レッドブル・ホンダ、ラストレースもフェルスタッペンの言葉に不安。「誰も望まない結末」だけは避けてもらいたい (4ページ目)

  • 米家峰起●取材・文 text by Yoneya Mineoki
  • photo by BOOZY

【アイツがやっているから僕も】

 ストロールは1周目のターン7で混雑のなかで行き場を失い、ライン外からラッセルを抜いている。しかし、ストロールは3周目のターン27手前で右端に寄ってバックオフしてラッセルにポジションを譲り返した。その後、ラッセルを先行させたことでDRS(※)を得たストロールはメインストレートで抜き返している。

※DRS=Drag Reduction Systemの略。追い抜きをしやすくなるドラッグ削減システム/ダウンフォース抑制システム。

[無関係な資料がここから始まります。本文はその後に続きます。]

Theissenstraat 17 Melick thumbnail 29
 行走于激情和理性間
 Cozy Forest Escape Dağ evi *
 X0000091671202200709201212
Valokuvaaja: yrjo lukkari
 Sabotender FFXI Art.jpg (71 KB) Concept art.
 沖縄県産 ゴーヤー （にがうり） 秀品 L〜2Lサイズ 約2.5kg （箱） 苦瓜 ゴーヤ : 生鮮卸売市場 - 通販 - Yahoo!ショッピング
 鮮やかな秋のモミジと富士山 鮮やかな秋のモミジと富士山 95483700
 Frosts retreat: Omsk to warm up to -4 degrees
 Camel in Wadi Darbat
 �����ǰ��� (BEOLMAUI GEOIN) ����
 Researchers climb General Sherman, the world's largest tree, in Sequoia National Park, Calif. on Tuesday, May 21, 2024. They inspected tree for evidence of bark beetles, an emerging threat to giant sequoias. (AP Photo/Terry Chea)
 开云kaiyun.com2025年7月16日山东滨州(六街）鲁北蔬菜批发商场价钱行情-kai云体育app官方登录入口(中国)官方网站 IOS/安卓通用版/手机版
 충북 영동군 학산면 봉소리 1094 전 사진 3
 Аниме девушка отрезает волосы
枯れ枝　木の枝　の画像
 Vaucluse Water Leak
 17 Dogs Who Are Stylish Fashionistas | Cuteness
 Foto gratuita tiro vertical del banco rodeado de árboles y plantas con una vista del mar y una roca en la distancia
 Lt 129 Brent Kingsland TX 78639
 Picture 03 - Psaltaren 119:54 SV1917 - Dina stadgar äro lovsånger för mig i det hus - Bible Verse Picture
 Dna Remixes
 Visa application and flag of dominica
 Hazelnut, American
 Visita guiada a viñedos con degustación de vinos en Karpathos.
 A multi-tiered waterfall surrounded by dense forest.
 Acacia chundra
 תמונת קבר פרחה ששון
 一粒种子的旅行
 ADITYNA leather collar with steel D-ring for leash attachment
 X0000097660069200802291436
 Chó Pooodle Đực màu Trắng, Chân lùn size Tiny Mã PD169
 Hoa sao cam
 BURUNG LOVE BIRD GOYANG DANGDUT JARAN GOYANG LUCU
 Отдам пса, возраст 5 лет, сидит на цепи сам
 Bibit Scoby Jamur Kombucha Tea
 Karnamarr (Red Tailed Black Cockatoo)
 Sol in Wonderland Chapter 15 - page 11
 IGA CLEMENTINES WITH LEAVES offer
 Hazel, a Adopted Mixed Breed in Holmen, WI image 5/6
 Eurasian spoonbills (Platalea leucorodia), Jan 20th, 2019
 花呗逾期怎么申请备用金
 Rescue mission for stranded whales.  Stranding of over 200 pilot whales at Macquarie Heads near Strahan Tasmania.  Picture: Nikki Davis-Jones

 まさに、フェルスタッペンがハミルトンに対してやろうとしたことを、ストロールは綺麗に実行した。フェルスタッペンも右端に寄ってブレーキングをしていれば、ハミルトンは先行せざるを得なかったはずだ。つまり、これは「違う扱い」ではなく、こうするべきだったというお手本でしかない。

 フェラーリの2台は22周目のターン1で、まさにフェルスタッペンとハミルトン(37周目)のような攻防を繰り広げていた。だが、前方で角田裕毅(アルファタウリ・ホンダ)がセバスチャン・ベッテル(アストンマーティン)に接触したことで黄旗が出て、ターン1アウト側にいたルクレールはランオフエリアに逃げてカットするかたちでポジションをゲインしている。

 ここまではフェルスタッペンと同じかたちだ。だが、直後にVSC(バーチャルセーフティカー)となり、フェラーリはレースコントロールの許可を得てVSC中の翌23周目のターン2出口でふたりのポジションをスワップしている。

 仮にほかの事例があったとしても、「アイツがやっているから僕もOK」ではなく、並んでターンインしていったバトルで相手に1台分のスペースを残さないのは「アウト」だ。ほかの全ドライバーが理解して守っているルールをフェルスタッペンも理解していれば、こんな主張にはならないはずだ。

 なにより、目の前のタイトル決定戦で勝つことに集中すると宣言しているのなら、そこはエネルギーを注ぐべき場所ではない。